Repeat exactly the stretch of lines that starts with the one containing "100lb Upcycled Patio" and ends with the last line of the material. Leave out pictures.
________
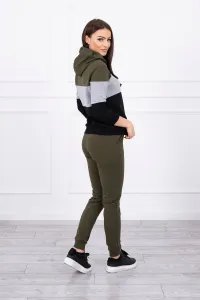 Legínovo Súprava v pestrofarebných pásoch khaki+sivá Farba: Khaki, Veľkosť: UNI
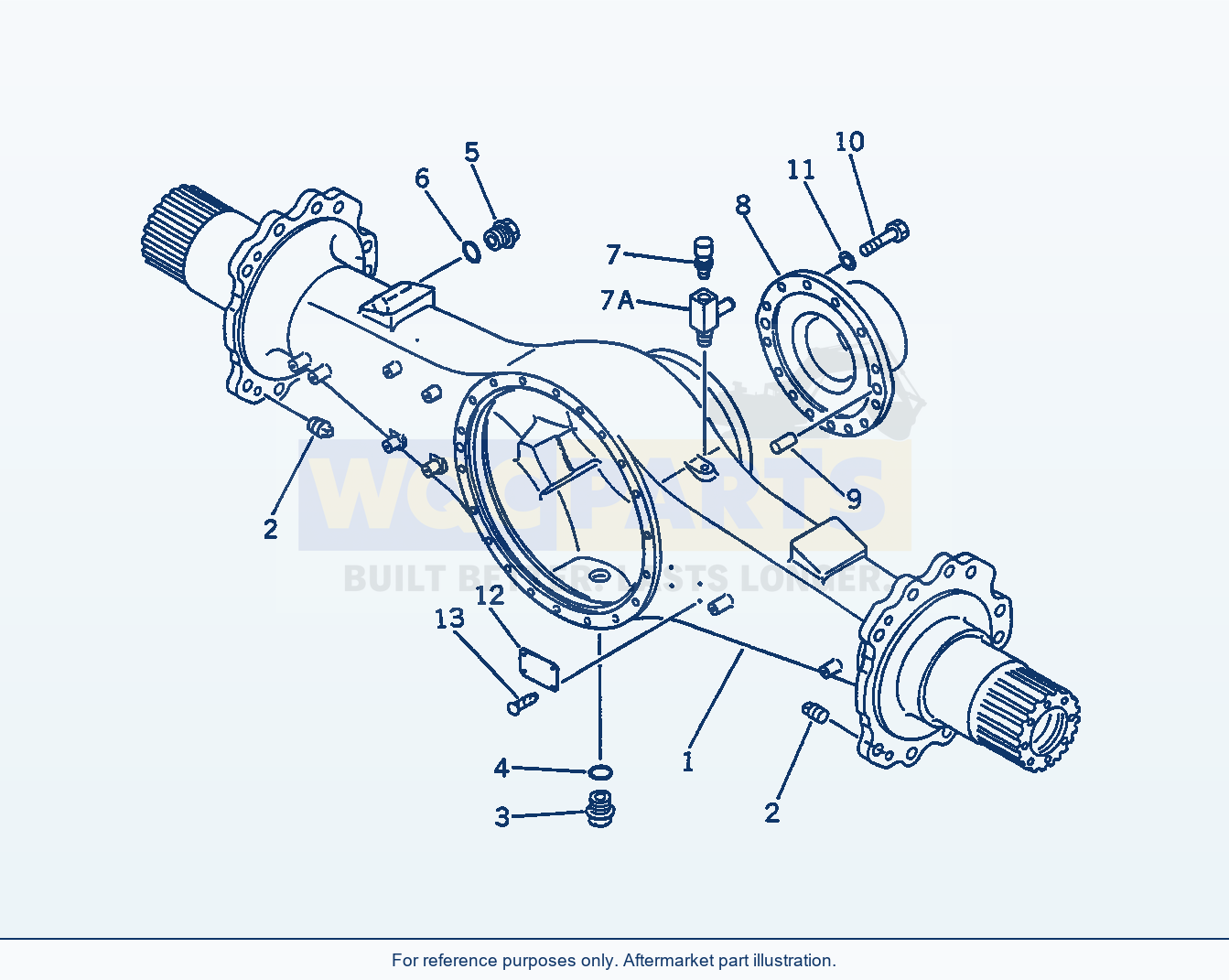 Komatsu WA470-1 Rear Axle Housing(#10001-19999) parts diagram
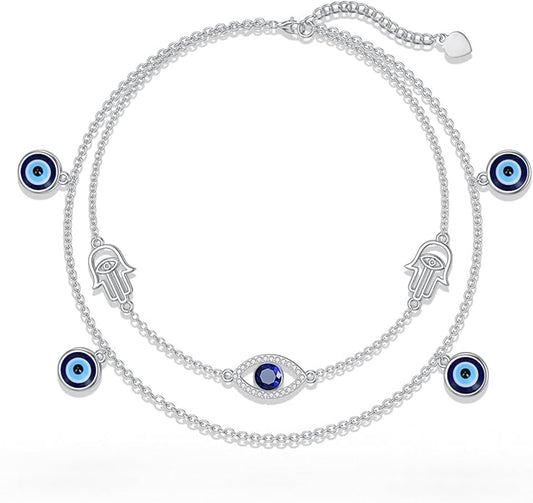 Dorunmo Anklet Bracelets For Women 925 Sterling Silver Birthstone/Infinity/Butterfly/Evil Eye/Turtle/Pineapple/Starfish/Heart Anklets Bracelets Jewelry Gifts for Women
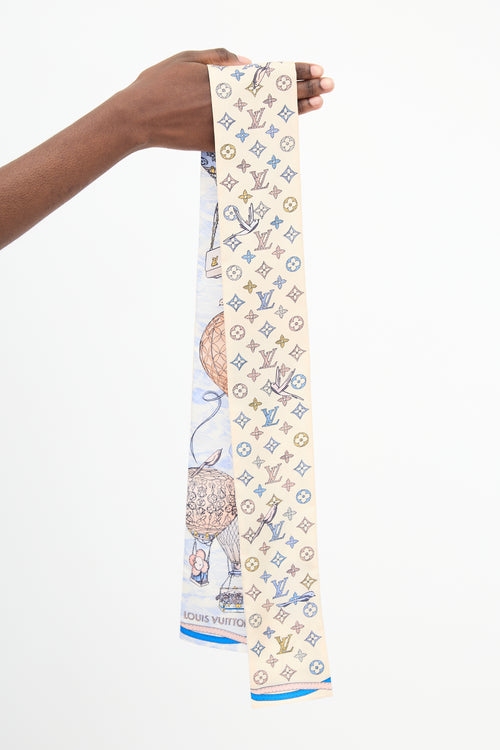 Louis Vuitton Light Blue & Multi Silk Up And Away Bandeau Scarf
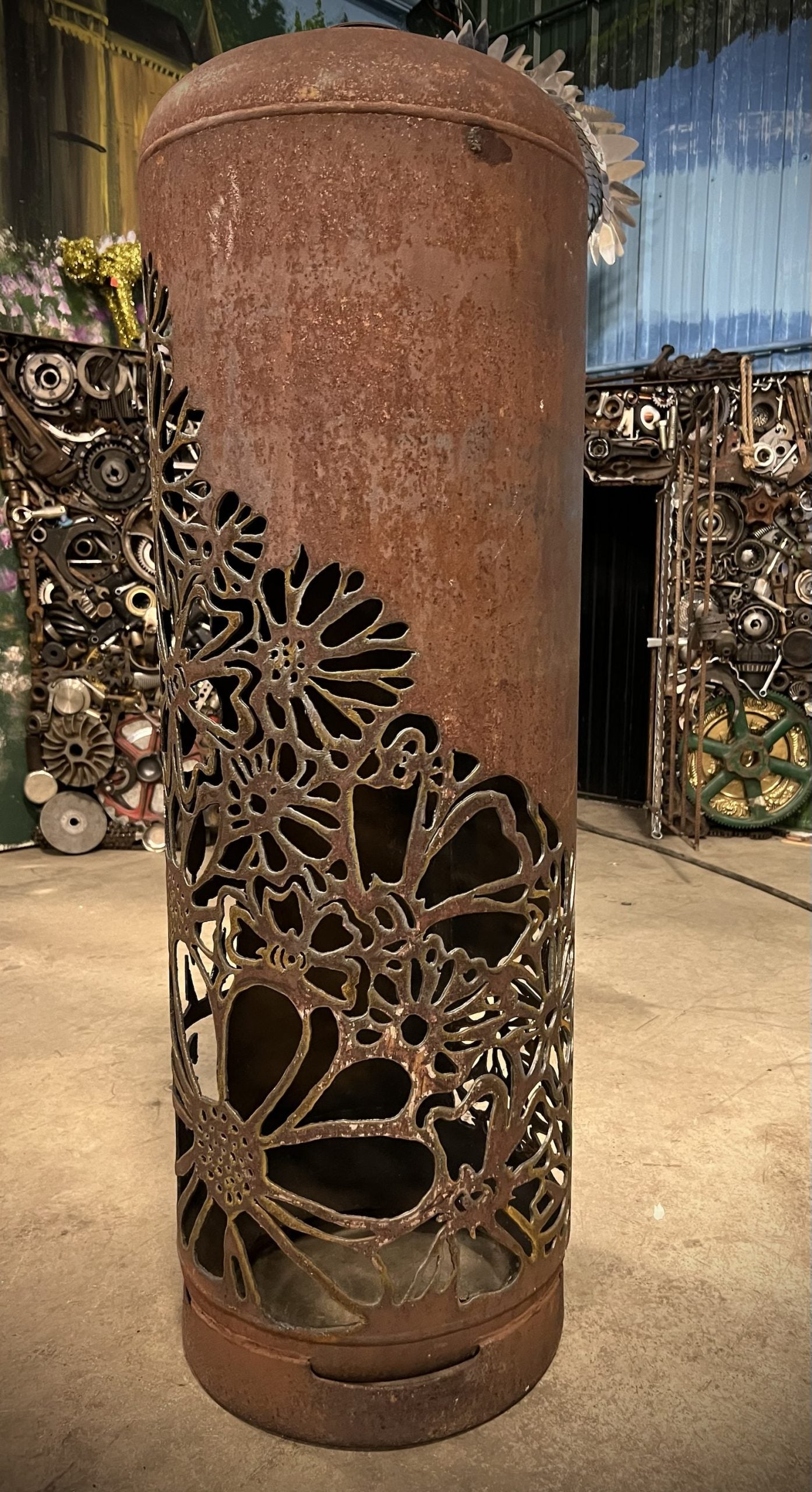 100lb Upcycled Patio Lantern, Floral Wrap & Welcome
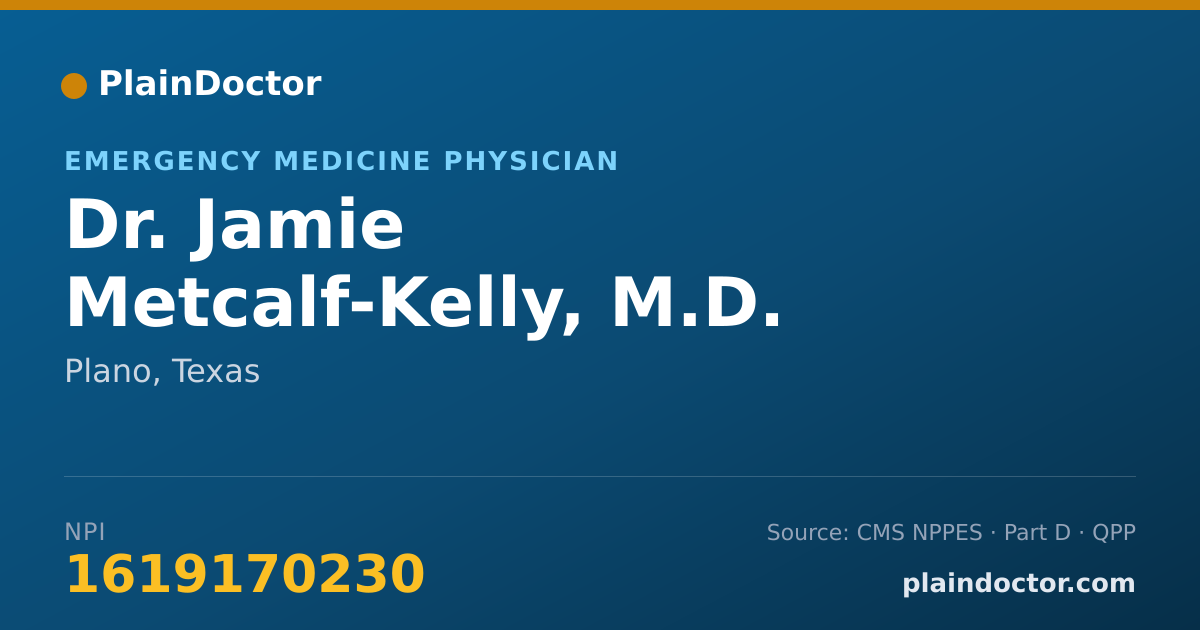 Shareable card for Jamie Metcalf-Kelly, M.D. - Emergency Medicine Physician, Plano, TX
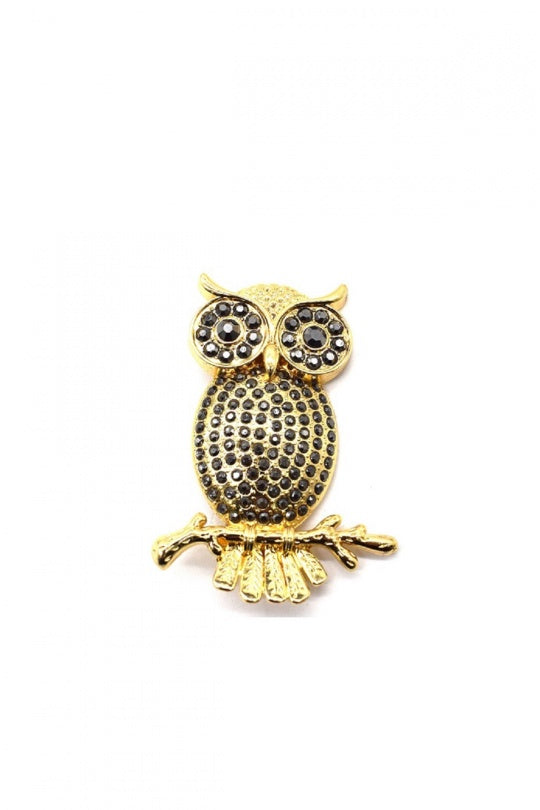 Owl pin brooch
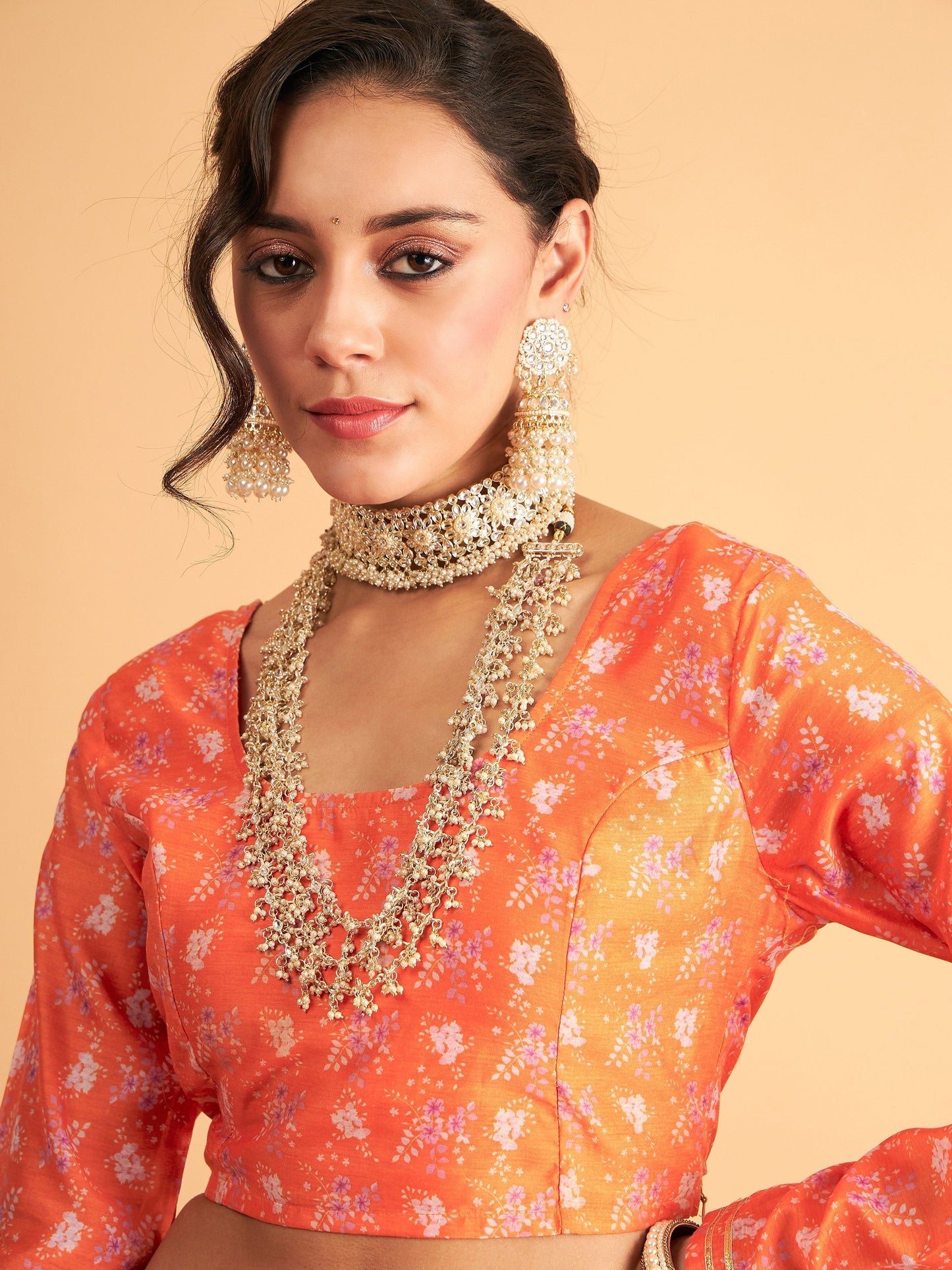 Women's Orange Floral Anarkali Side Pocket Skirt With Crop Top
________
§ **Expected answer**
 100lb Upcycled Patio Lantern, Floral Wrap & Welcome
 Shareable card for Jamie Metcalf-Kelly, M.D. - Emergency Medicine Physician, Plano, TX
 Owl pin brooch
 Women's Orange Floral Anarkali Side Pocket Skirt With Crop Top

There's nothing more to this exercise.